As for the model itself we would like to know what are its parameters, the features or variables used and whether they are weighted or not. We must also be in a position to evaluate its performance, select the appropriate metrics for this purpose and ensure we operationalise and interpret them appropriately. Last, but not least, we should be able to assess its inferencing, that is how accurate or error prone the model is. An important element here is the model creator’s ability to benchmark its results against standard datasets and standard measures of accuracy.

So, we may say that controlling an algorithm (to a certain extent) is not an impossible task but still requires some level of maturity for the organisation that creates (or utilises) the algorithm.

However, someone has to create the compelling reason for an organisation to cater towards accountability. And this someone, it’s us, either as citizens, clients, voters, news consumers, professionals or other roles whose lives are being affected by the decisions algorithms make on behalf of us.

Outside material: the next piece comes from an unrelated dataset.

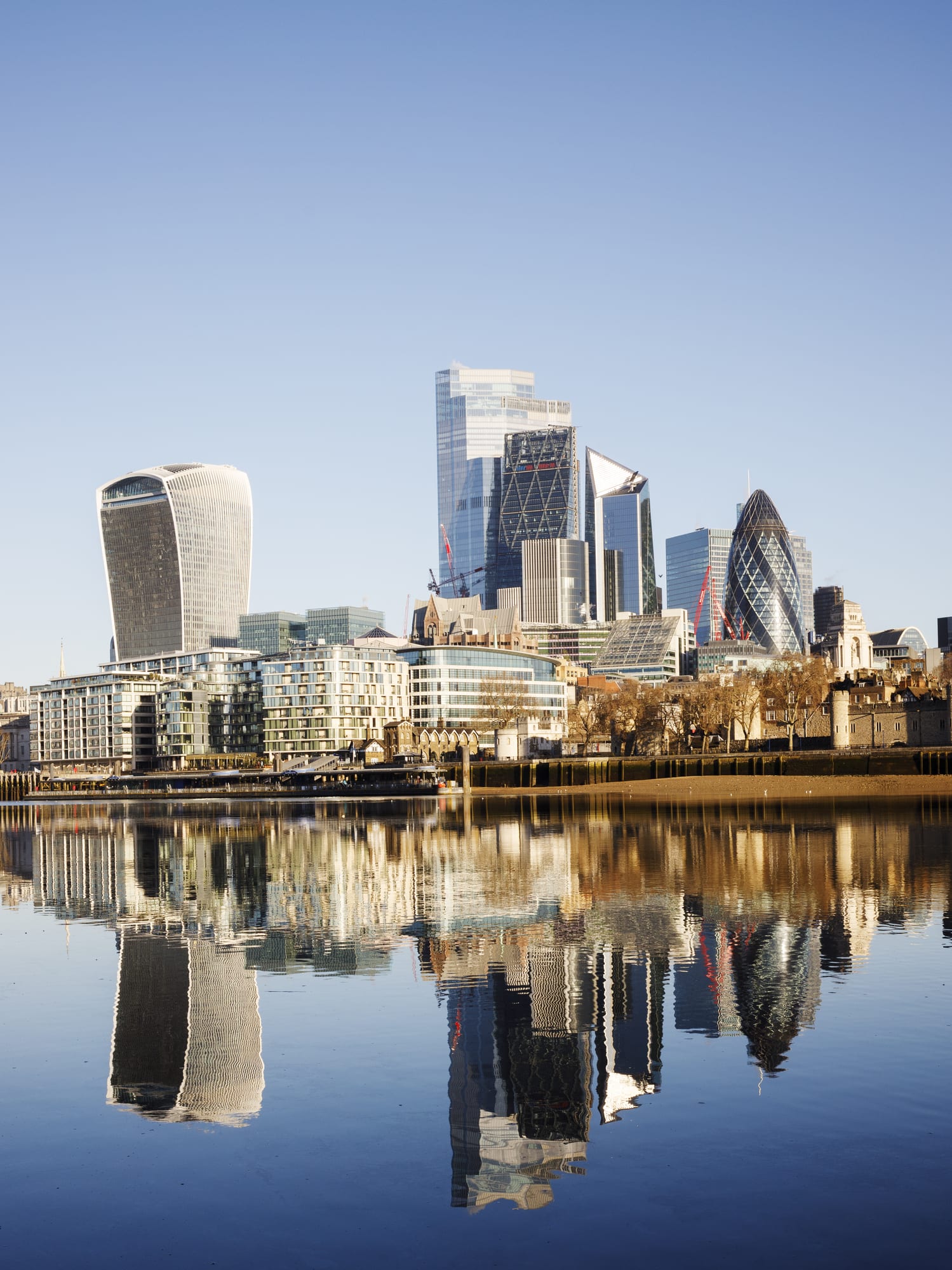 Almost 4.5 Million UK Families Are in Serious Financial Trouble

Sources of inspiration for this blogpost were among others the following:

Beyond Automation, Thomas H. Davenport and Julia Kirby, Harvard Business Review, June 2015

Accountability in Algorithmic Decision Making, Nicholas Diakopoulos, Communications of the ACM | February 2016 | Vol. 59 | №2

The Black Box Society, The Secret Algorithms That Control Money and Information, Frank Pasquale, Harvard University Press, January 2015,

The IEEE Global Initiative for Ethical Considerations in Artificial Intelligence and Autonomous Systems. Ethically Aligned Design: A Vision For Prioritizing Wellbeing With Artificial Intelligence And Autonomous Systems, Version 1. IEEE, 2016.